In school Mildred excelled, winning the state spelling bee and Latin awards and earning a scholarship to Agnes Scott College. She majored in English and served as the assistant make-up editor for the school paper, back when papers had to be physically pasted together or “made up” before printing. She was in the poetry club and named class poet. Mildred taught elementary school in Fulton County for four years and junior high for two years in New York. She left teaching and began her 39 year career with Civil Service. Her jobs as proofreader, editor and education specialist led her to positions in Washington, D.C., New York, Texas and Florida. She says one of the highlights of her career was her 20 months spent in Nuremberg, Germany, working with the post WWII Nuremburg Trials and travelling throughout Europe.

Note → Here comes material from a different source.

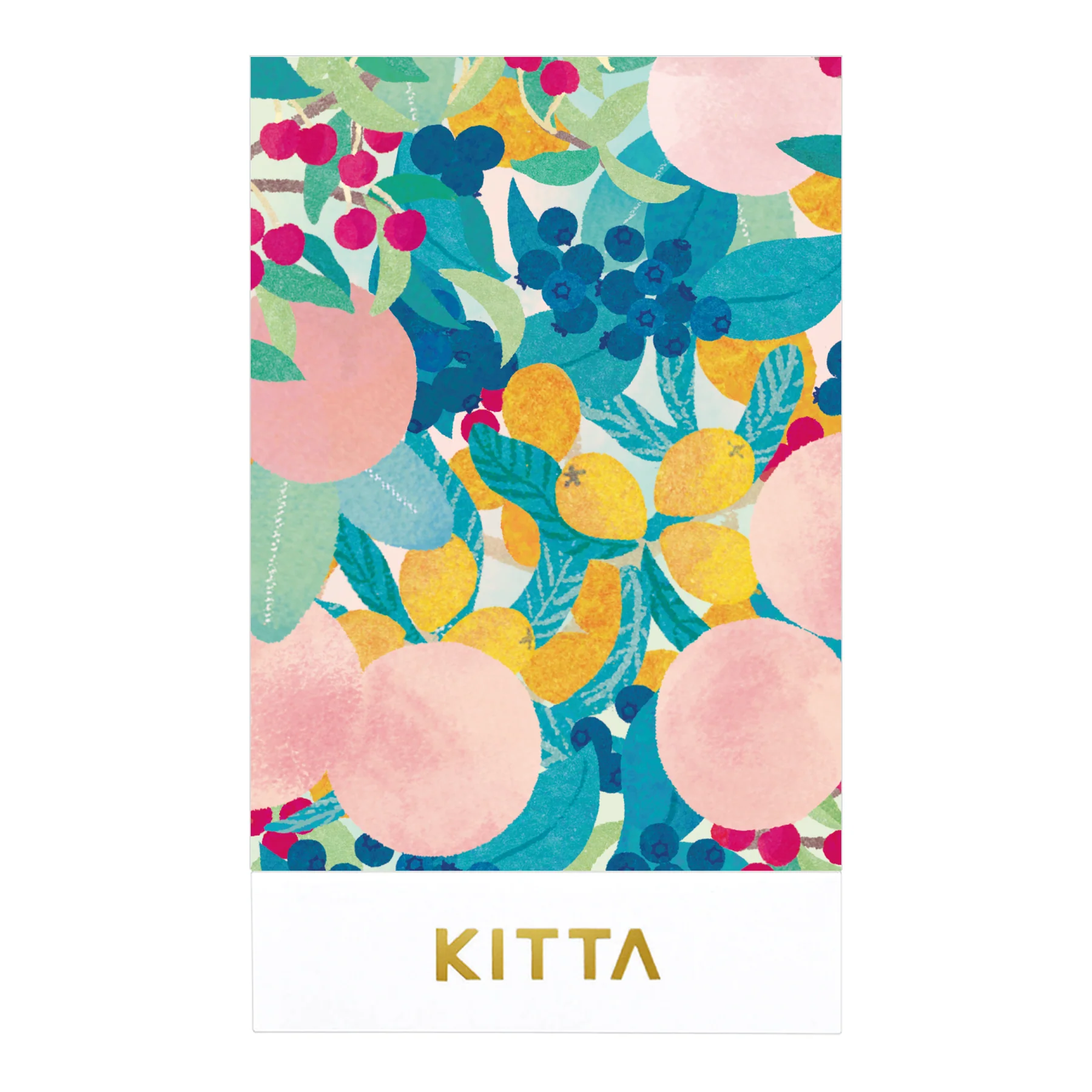 限定 KITTA 和紙膠帶 水果款(宮下和設計) 隨身攜帶和紙膠帶｜KING JIM 日本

Mildred married James Sargent, a veteran WWII Army Air Corps officer. She says of their 51 years together, “We had a lot of fun. We saw a lot and did a lot and we really lived!”
Mildred has always put her thoughts and ideas down in writing. She has continued writing poems throughout her life. Many of her poems have been published in newspapers such as the New York Times. In celebration of her 100th birthday, she published her poetry book, Country Girl.
Often Mildred reminisces about her life and is amazed at the things that have stayed the same, such as Hershey Bars, ice cream and chewing gum. She marvels at the variety of automobiles and new inventions such as cell phones and computers.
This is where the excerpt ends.